::: Dataset content

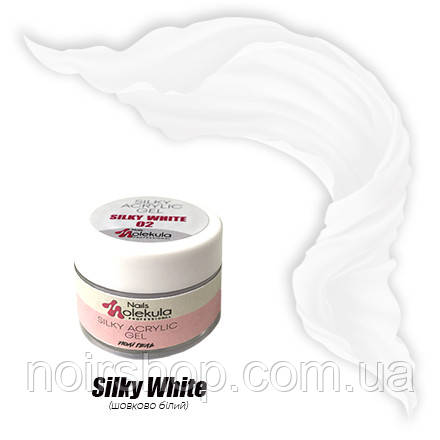 Molekula Silky Acrylic Gel No02 Silky White (шовково білий) 30 мл
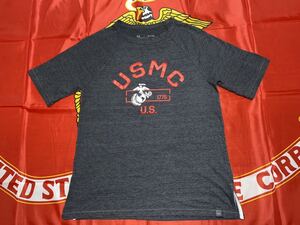 新品未使用　made in USA USMC/ UNDER AMOUR コットンTシャツ　チャコールグレー　Sサイズ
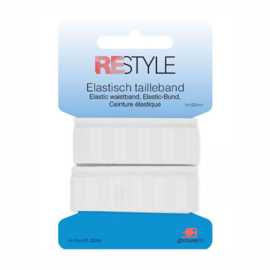 Taillebandelastiek wit 2,5cm 1 mtr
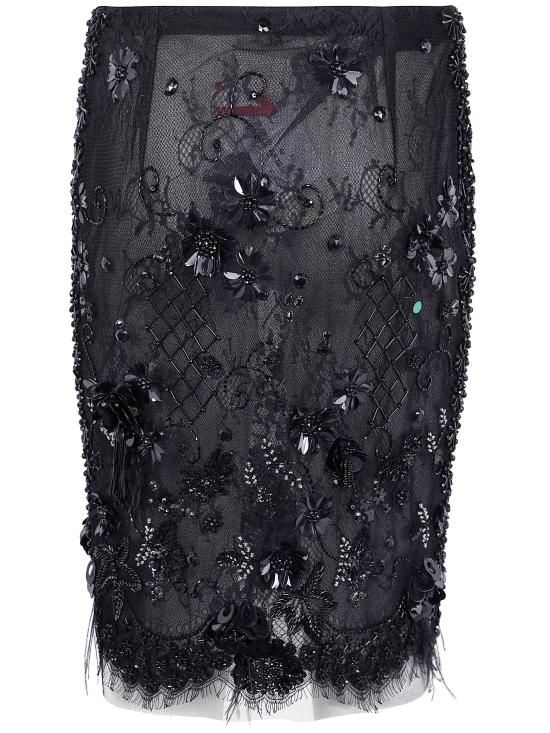 25FW 세미쿠튀르 미디 스커트 S5WQ40 Y690 BLACK - SEMI-COUTURE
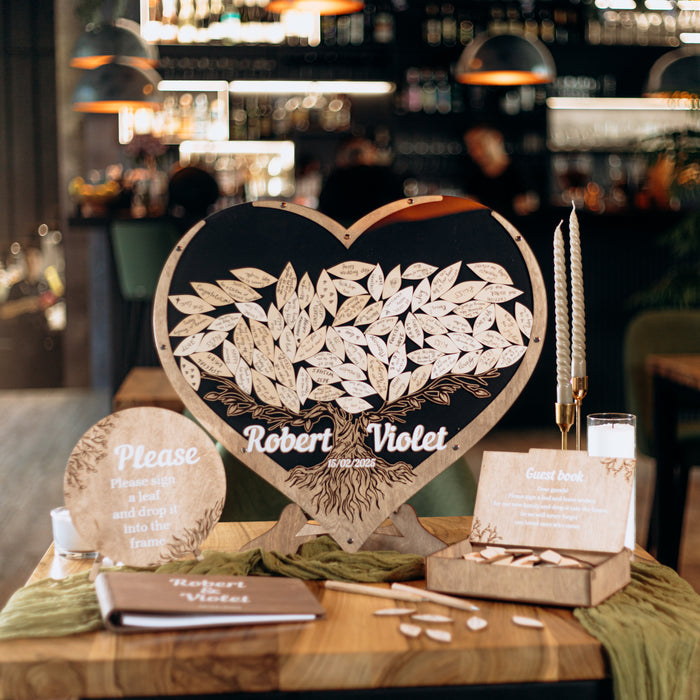 Wedding Guest Book Heart Tree & Leaves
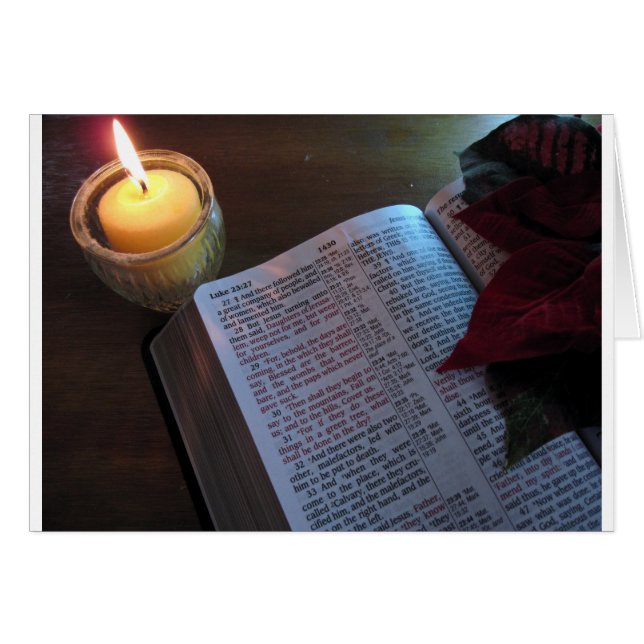 Kerze, Bibel und Poinsetta (Vorderseite (Horizontal))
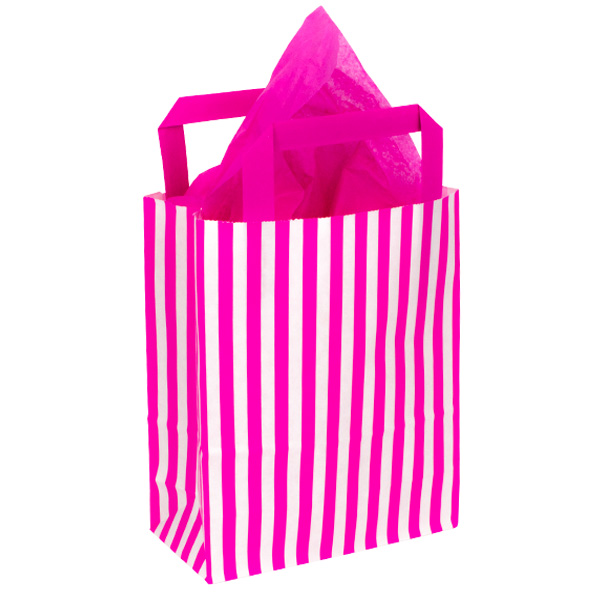 Pink Striped Large Paper Carrier Bags in packs of 50 bags from stock at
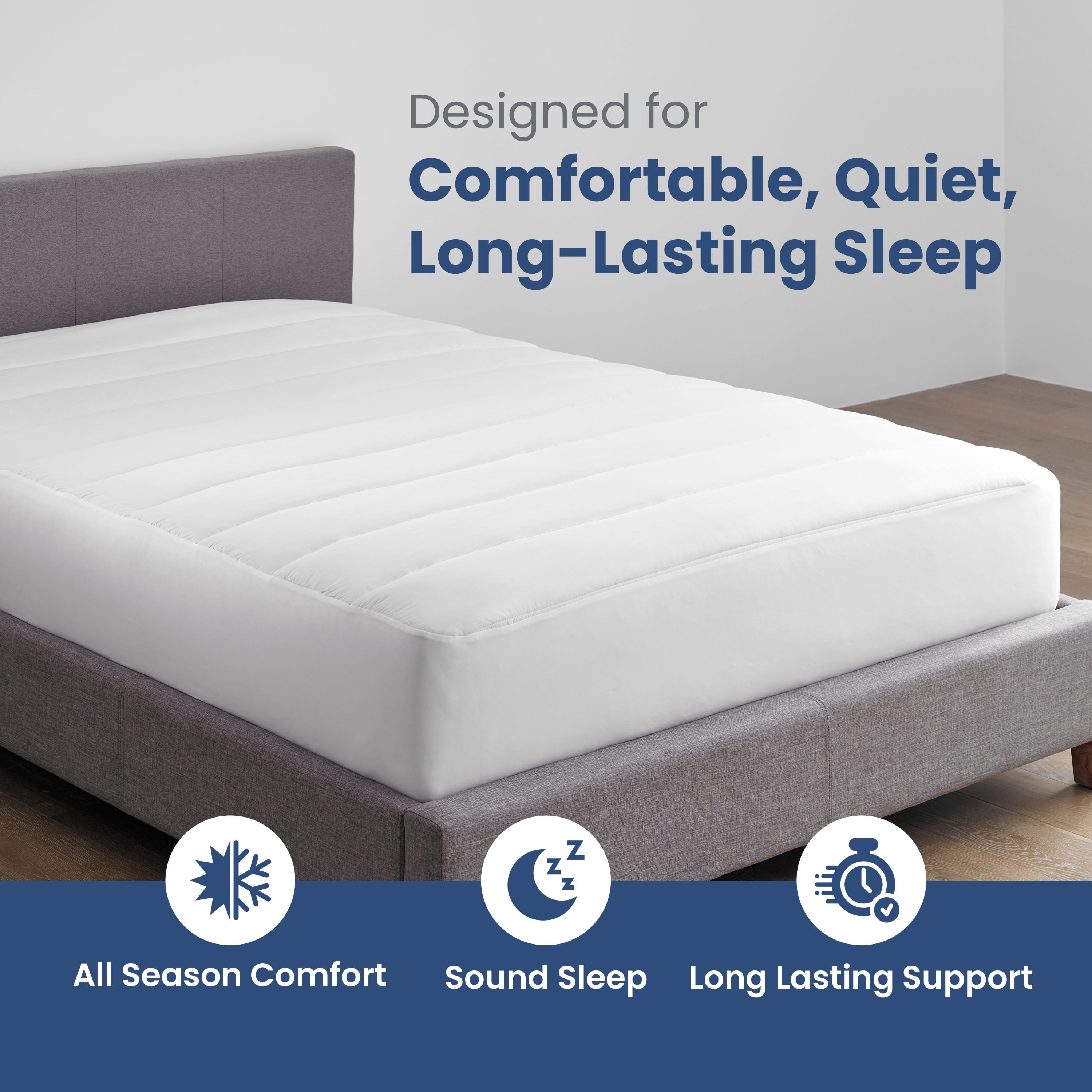 Martex Quilted Mattress Pad, Soft Breathable Polyester-Cotton Blend Fabric, Premium Polyester Fill Mattress Topper Pad, Deep Pocket Elastic Fit up to 18”, All-Season Comfort, Machine Washable, Queen
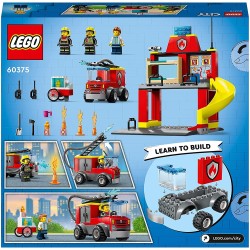 LEGO 60375 City Fire Caserma dei Pompieri e Autopompa con Camion Giocattolo dei Vigili del Fuoco - LG60375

::::::

**Aim of the exercise**
Leave the images out and transcribe the remaining data above word for word.

**Written response**
 Molekula Silky Acrylic Gel No02 Silky White (шовково білий) 30 мл
 新品未使用　made in USA USMC/ UNDER AMOUR コットンTシャツ　チャコールグレー　Sサイズ
 Taillebandelastiek wit 2,5cm 1 mtr
 25FW 세미쿠튀르 미디 스커트 S5WQ40 Y690 BLACK - SEMI-COUTURE
 Wedding Guest Book Heart Tree & Leaves
 Kerze, Bibel und Poinsetta (Vorderseite (Horizontal))
 Pink Striped Large Paper Carrier Bags in packs of 50 bags from stock at
 Martex Quilted Mattress Pad, Soft Breathable Polyester-Cotton Blend Fabric, Premium Polyester Fill Mattress Topper Pad, Deep Pocket Elastic Fit up to 18”, All-Season Comfort, Machine Washable, Queen
 LEGO 60375 City Fire Caserma dei Pompieri e Autopompa con Camion Giocattolo dei Vigili del Fuoco - LG60375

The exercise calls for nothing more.